● **How to complete this task**
Transcribe the listing exactly; drop the images.

● **Data block**
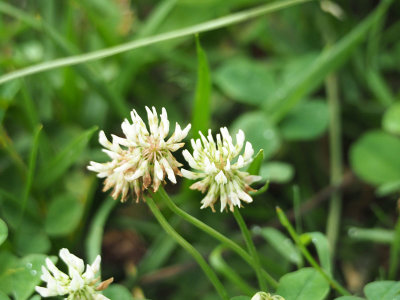 White clover beside the trail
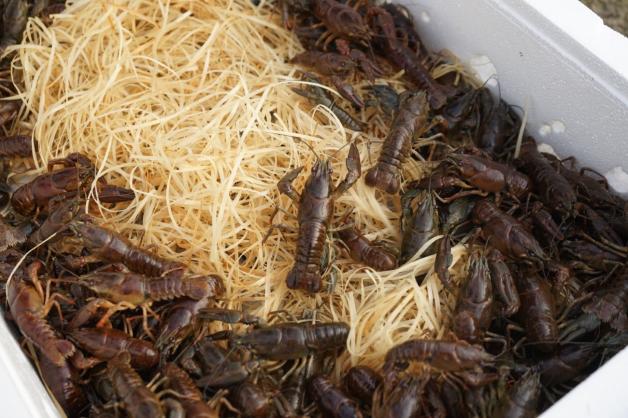 Odbudowa populacji raka szlachetnego w rzekach Podlasia i Lubelszczyzny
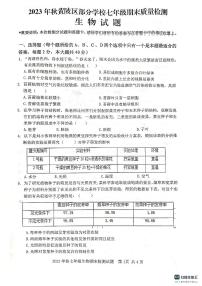 湖北省武汉市黄陂区2023-2024学年七年级上学期期末生物试题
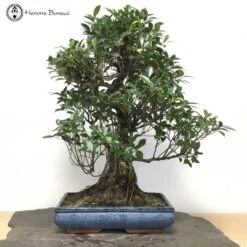 Indoor Ficus Bonsai Tree | COLLECT FROM HERONS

● **Task result**
 White clover beside the trail
 Odbudowa populacji raka szlachetnego w rzekach Podlasia i Lubelszczyzny
 湖北省武汉市黄陂区2023-2024学年七年级上学期期末生物试题
 Indoor Ficus Bonsai Tree | COLLECT FROM HERONS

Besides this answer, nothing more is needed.